On the night of the performance, all the symptoms intensified throughout the show. During my duet on stage, my right leg gave out on me, and I nearly fell. The audience’s gasp said it all. At that moment, I knew something was seriously wrong, and I needed to find out what was happening.

For the next two months, I bounced between doctor’s appointments while trying to keep up with my online classes and dance workshops. Every test came back normal, yet my symptoms continued, and new ones appeared, leaving me with no real answers and a list of misdiagnoses.

Eventually, I sought out a second opinion from a doctor who genuinely listened. He ordered an MRI of my brain, and the scan finally illuminated the truth I had been searching for.

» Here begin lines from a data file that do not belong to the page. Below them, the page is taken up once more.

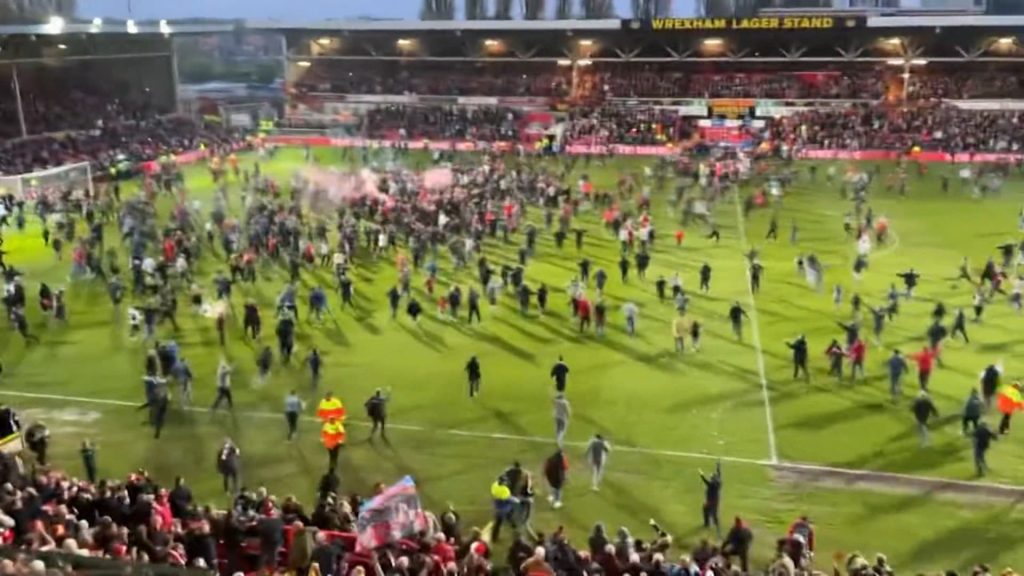 بعد-هزائم-استمرت-15-عامًا.-شاهد-لحظة-جنونية-لاحتفال-مشجعي-فريق-كرة-قدم-بفوزهم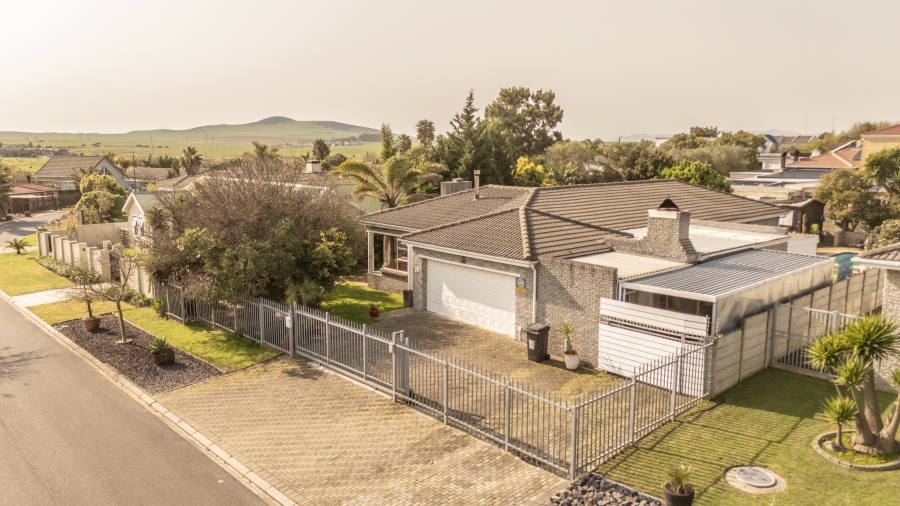 5 Bedroom Property for Sale in The Crest Western Cape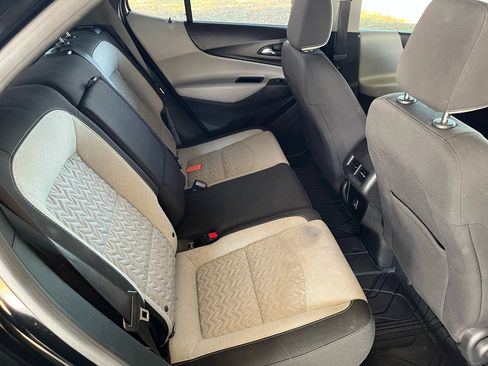 Used 2022 Chevrolet Equinox LS w/ LS Convenience Package image 21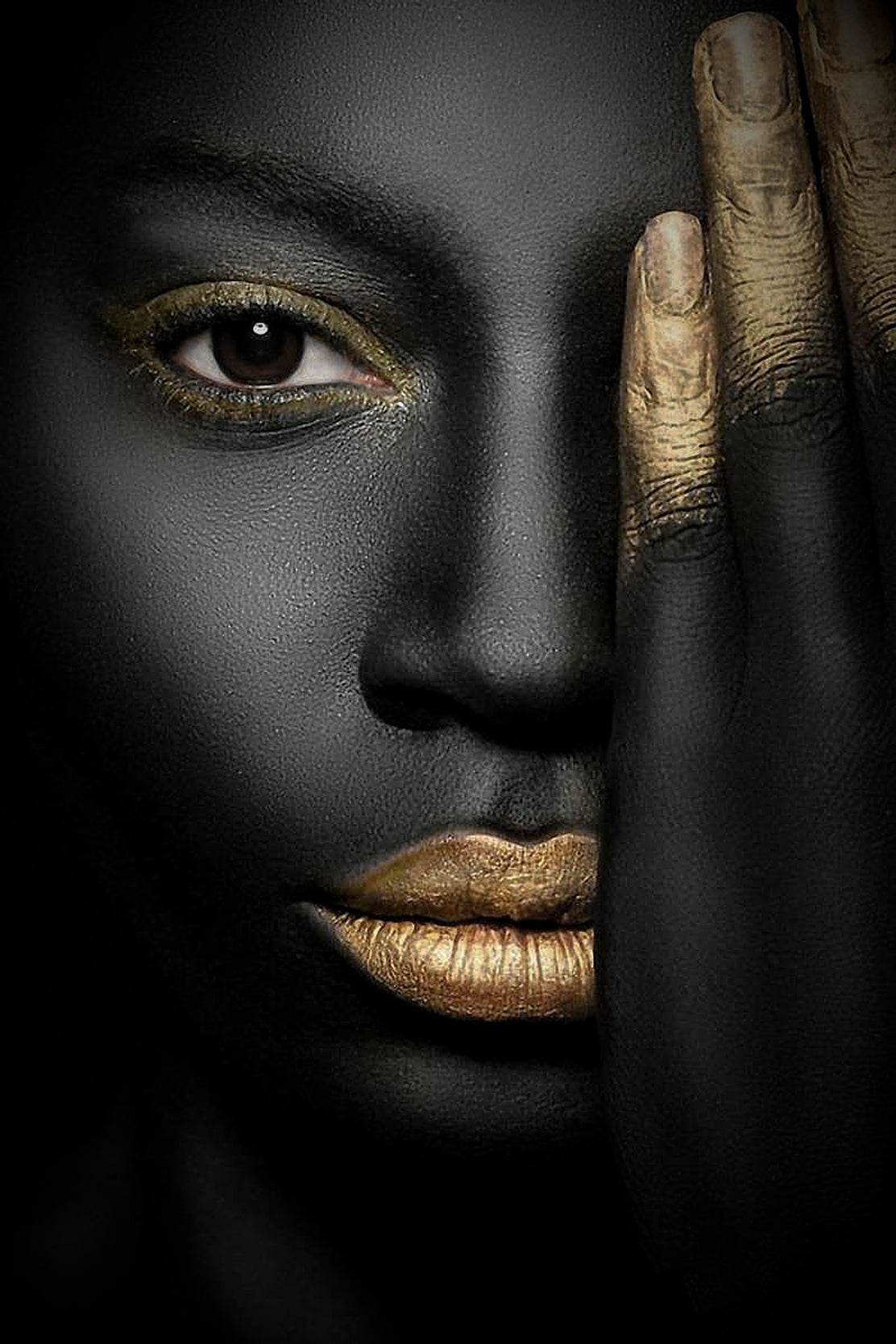 Black Woman With Golden Hourglass Wall Art - beink online art store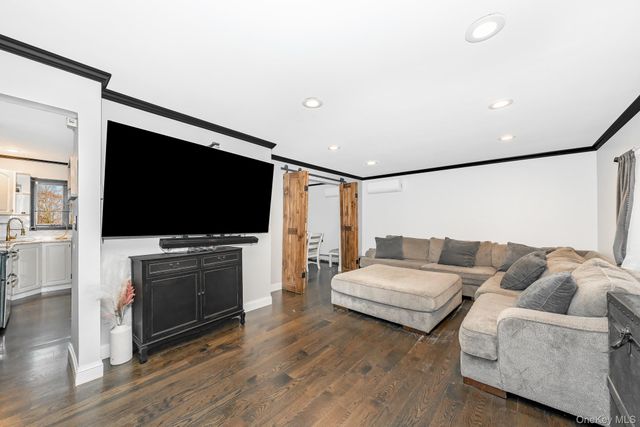 264 W End Avenue, Massapequa, NY 11758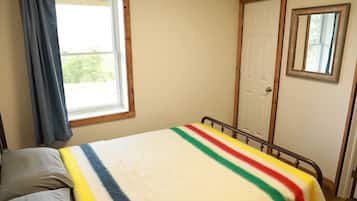 3 bedrooms, free WiFi, bed sheets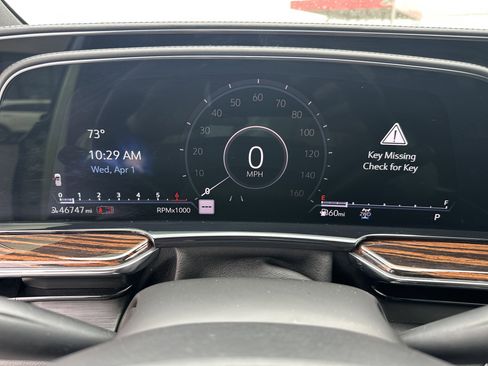 Used 2021 Cadillac Escalade ESV Premium Luxury image 29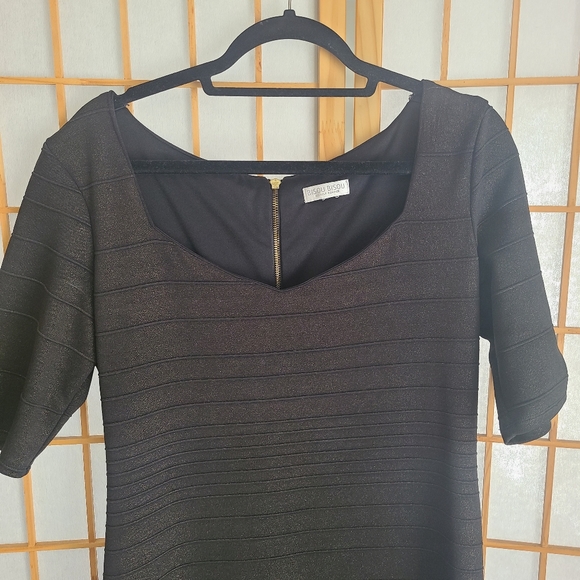 Bisou Bisou Black and Gold Dress - Picture 4 of 6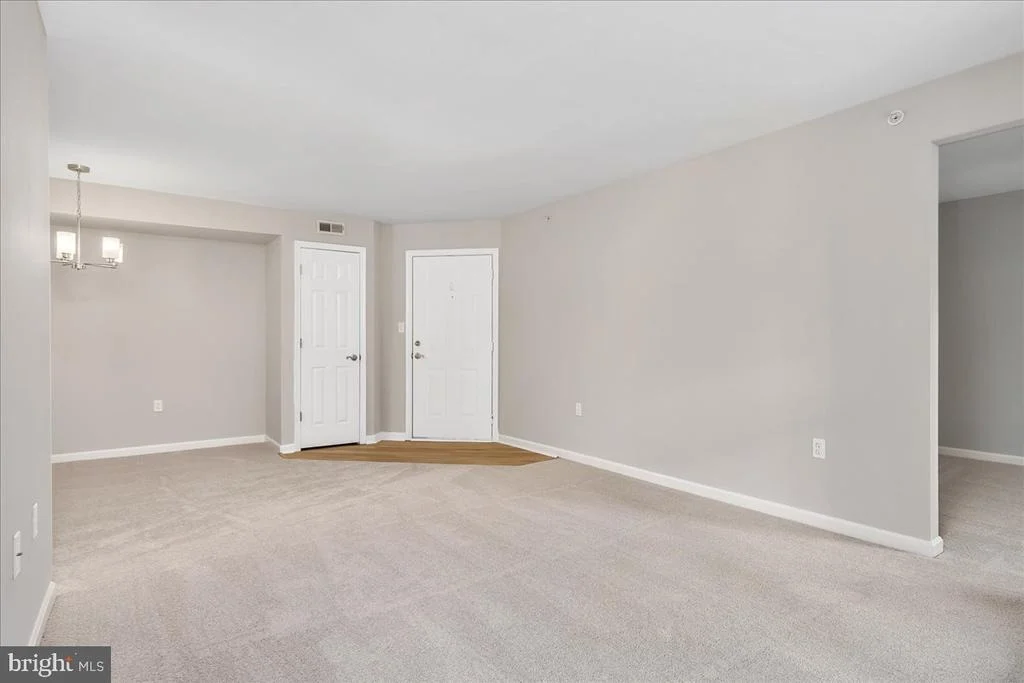 Photo of Unit 3C at 3810 NORMANDY DRIVE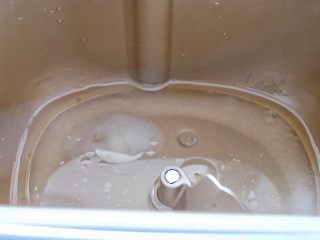 1、健康低脂 绵软拉丝厚底披萨,面包桶内放入水 油 盐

Claramunt visits the Skydeck at Willis Tower in Chicago. (Courtesy of Brittany Claramunt)

After hearing the words, “You have multiple sclerosis,” my immediate response was, “Will I still be able to dance?” The doctor wrapped his arms around me and reassured me with confidence: “Once you’re working with a neurologist and start treatment, yes, you’ll be back on stage where you belong.” His words brought both relief and a wave of confusion as I wondered, “What even is multiple sclerosis?”

Once I began seeing a neurologist and completed several more tests, my multiple sclerosis (MS) diagnosis was finally confirmed. Having very supportive parents helped with how mentally drained I was; they were always in the wings or in the audience, cheering me on.

I thought that would be the end of the story, but it wasn’t. I had just accepted a student job at my university, and a new question weighed heavily on me: How do I disclose this diagnosis to my boss or professors?

At first, only a small circle of people knew about my diagnosis. Over time, I began opening up to my professors and soon realized I wasn’t facing this disease alone. They connected me with others living with MS and with medical professionals on campus who could offer guidance. By gradually sharing my experience, I realized that more people genuinely wanted to support me. In many ways, it was far easier to ask a dance instructor to break down the steps than it was to open up about myself, but doing so made all the difference.

As I continue to grow in both my professional journey and my dance career, I’ve gained a deep understanding of this disease, my own health, and the strength that resilience requires. Over time, I’ve learned that while I may need to adjust certain aspects of my dancing, MS has never and will never stop me from sharing my heritage proudly on stage.

En la danza, no existen límites, existen posibilidades. (In dance, there are no limits, only possibilities.)